Históricamente ha sucedido que en política se
ande con enredos y en las artes
utilizadas para hacerla siempre se mezclan dañinas manipulaciones.
Es manía universal el discurso demagógico que
endulza y seduce mientras taimadamente anestesia la conciencia de los pueblos.
Tan sutiles y sedantes resultan las argucias para alcanzar y mantener
el poder que con frecuencia se repudia el beneficio noble para dar cabida al
detrimento desleal.
En defensa de la sociedad y sus buenas
tradiciones, como antídoto contra la golosina mortífera del contentillo personal
y la promesa que desplaza la supremacía de intereses comunitarios, se requiere
la acción tajante de quienes conciben la política como valiosa herramienta para
el bien común y no como pérfido armatoste para consolidar pedestales.

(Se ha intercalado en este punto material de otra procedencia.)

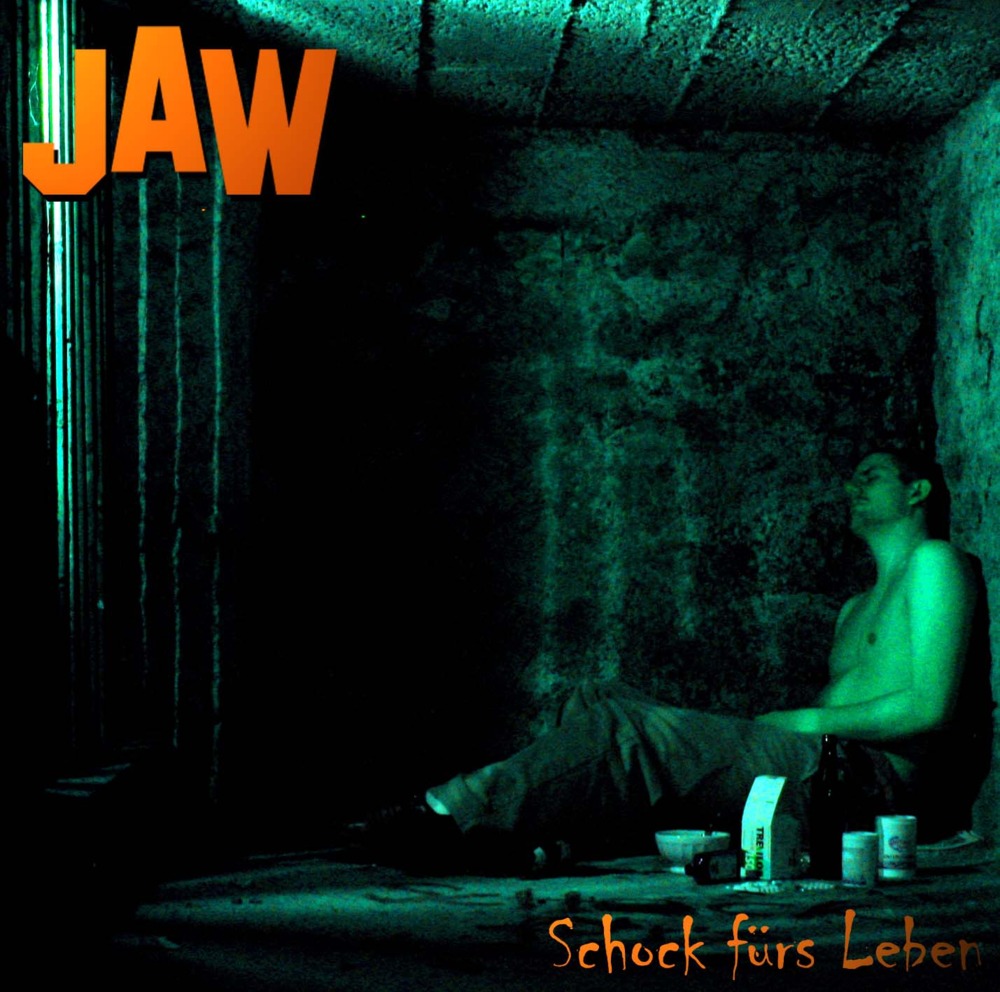 JAW - Schock fürs Leben - Tekst piosenki, lyrics | Tekściki.pl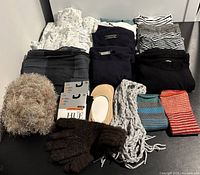 Clothing and accessories including nightgowns, tops, gloves, scarves, compression socks, and fuzzy hat displayed on table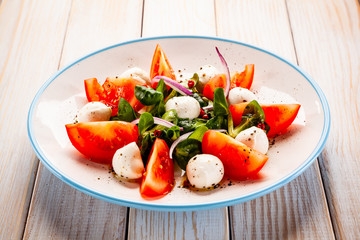 Caprese salad on wooden table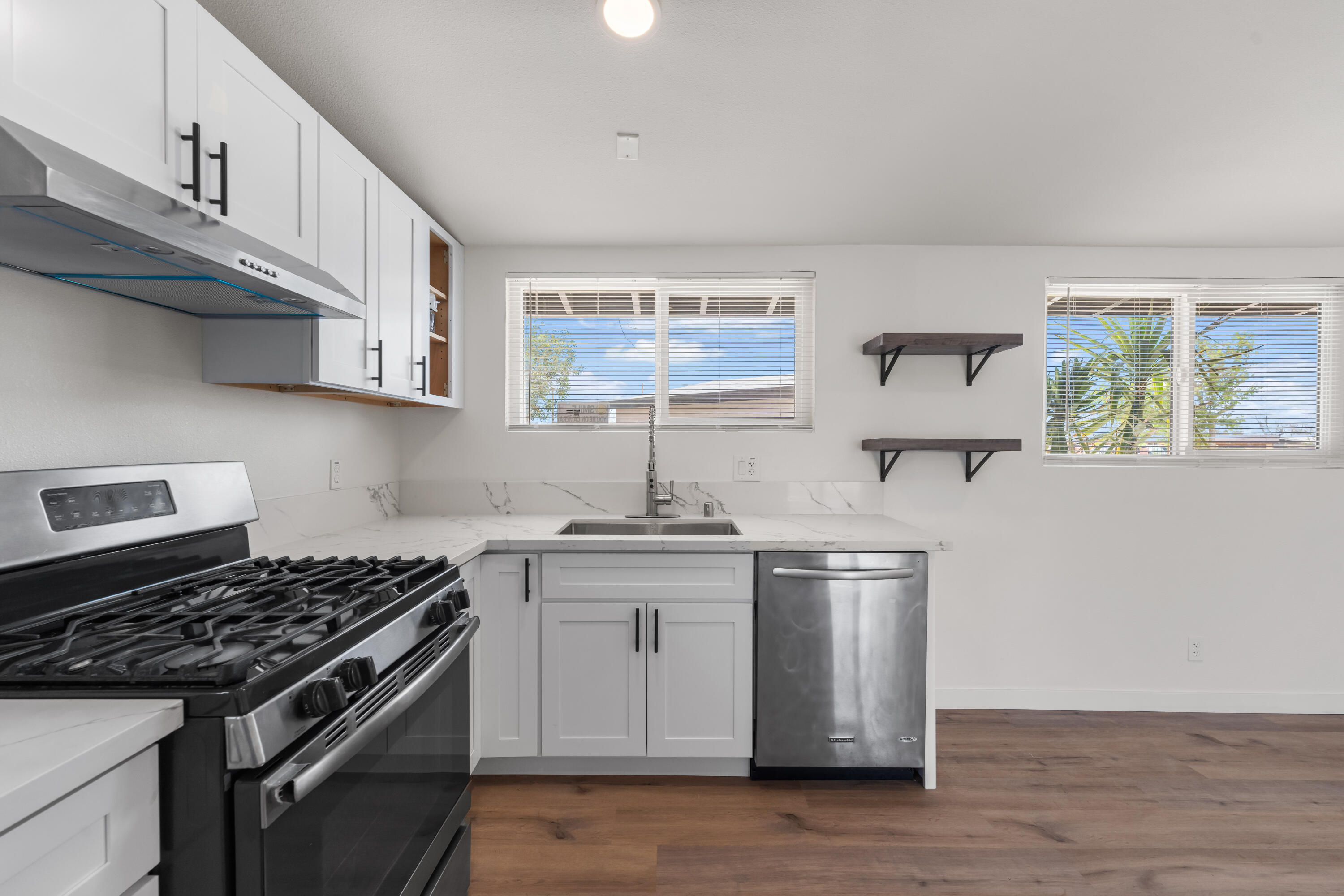 15593 M Street Mojave, CA 93501 - Photo 20 of 53 a kitchen with stainless steel appliances granite countertop a sink stove and cabinets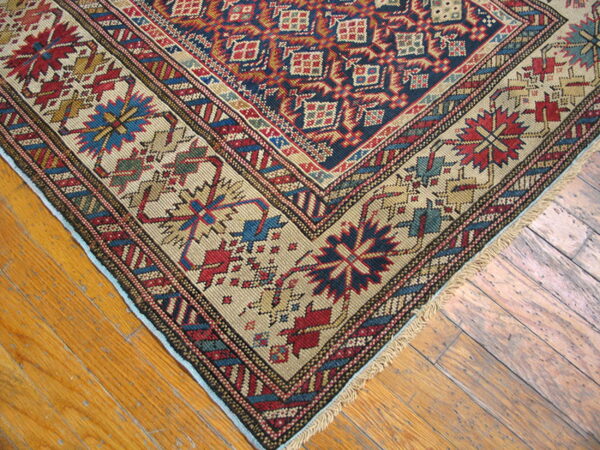 A detailed corner of a dense, patterned rug displaying red, navy, and tan colors on worn wooden planks.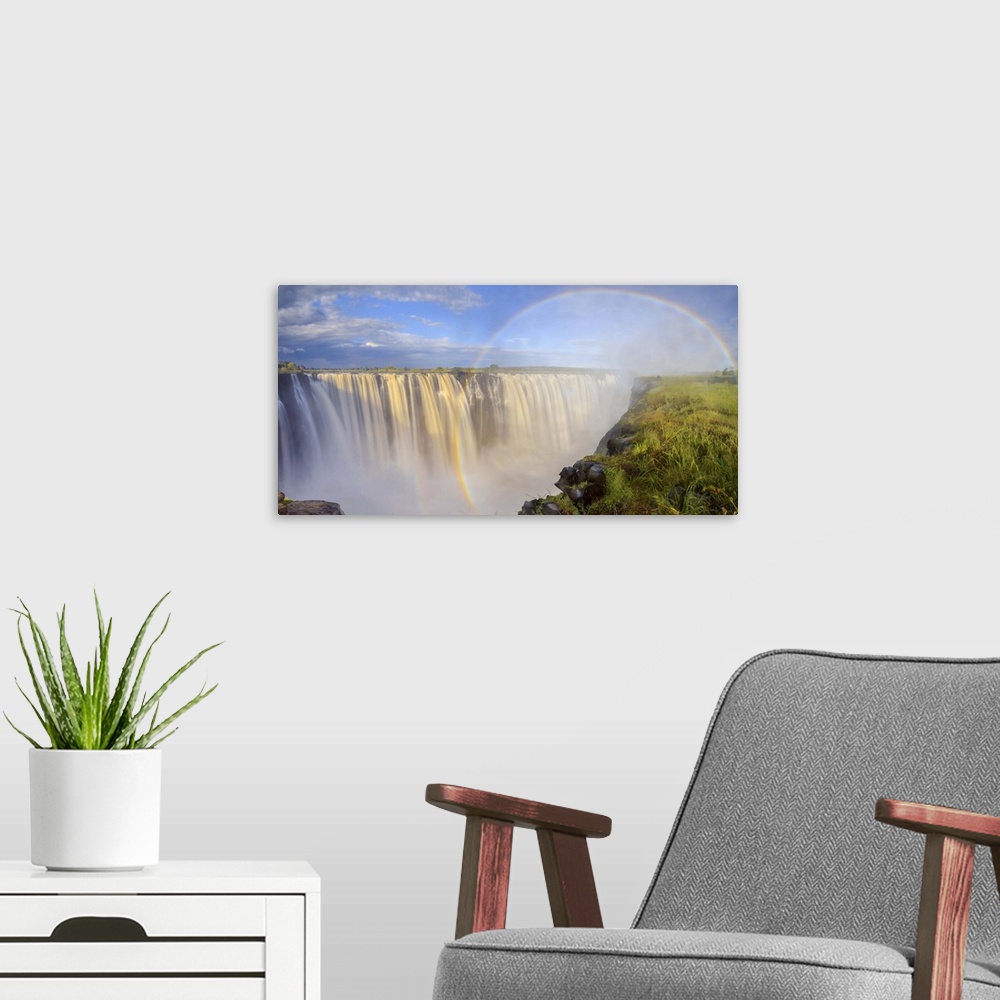 A modern room featuring Zimbabwe, Victoria Falls, Victoria Falls National Park during rainy season (UNESCO Site).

Quienes generan opinión y defienden ideales, aquellos
que imparten conocimientos y tienen la responsabilidad de formar
intelectualmente a las nuevas generaciones de colombianos, todos los que se
atrincheran en el oficio de pensar para enaltecer los valores nacionales y
salir al rescate de la ética pública, los que anteponen las elevadas satisfacciones del espíritu a las
mezquinas conquistas materiales, todos ellos son necesarios en esta cruzada permanente
contra enfermizas ambiciones de los que simplemente se escudan en privilegios
de casta para afianzarse en los pútridos entresijos del poder establecido.
Es derecho y deber repetir hasta el cansancio
que el Estado somos todos, que los recursos públicos son patrimonio del
organismo social, que existen unas normas fundantes del sistema político que
reclaman acatamiento y respeto, y que todos los ciudadanos, sin distingos, somos
libres e iguales ante la ley y ante ella respondemos.
Ni ahora ni nunca podemos consentir que se nos
declare en interdicción con el propósito manifiesto de resolver a puerta
cerrada los asuntos de Estado que definen el futuro de nuestra esencia nacional.
El silencio no puede ser el aval del pueblo
para que unas minorías, que no representan los sentimientos ni las aspiraciones
ciudadanas, se hagan al timón y marquen los derroteros del porvenir.
Los tiempos son de lucha y de batalla. El
destino de la nación es empresa que no podemos abandonar en manos de quienes
tratan de pervertir valores, desconocer instituciones, entronizar anacronismos, y apoderarse de banderas que han
deshonrado con afrentas punibles que van mucho más allá del asesinato
individual y la inhumana masacre colectiva.
Unos déspotas parapetados y apertrechados con recursos
derivados del crimen transnacional, que osan ignorar el sangriento pasado de
sus incursiones demenciales contra poblaciones indefensas, y hacen burla de
legítimas reclamaciones de sus víctimas, no pueden pasar de la marginalidad delictiva
al protagonismo de la cátedra republicana sin purgar las bárbaras ofensas
inferidas a sus connacionales.
Ya están montando la tramoya escénica para que el
propio pueblo, en un referendo inconstitucional, se clave el aguijón con una
insensata confirmación monosilábica que fácilmente puede conducir a nuevas
confrontaciones fratricidas más dolorosas que las sufridas hasta ahora.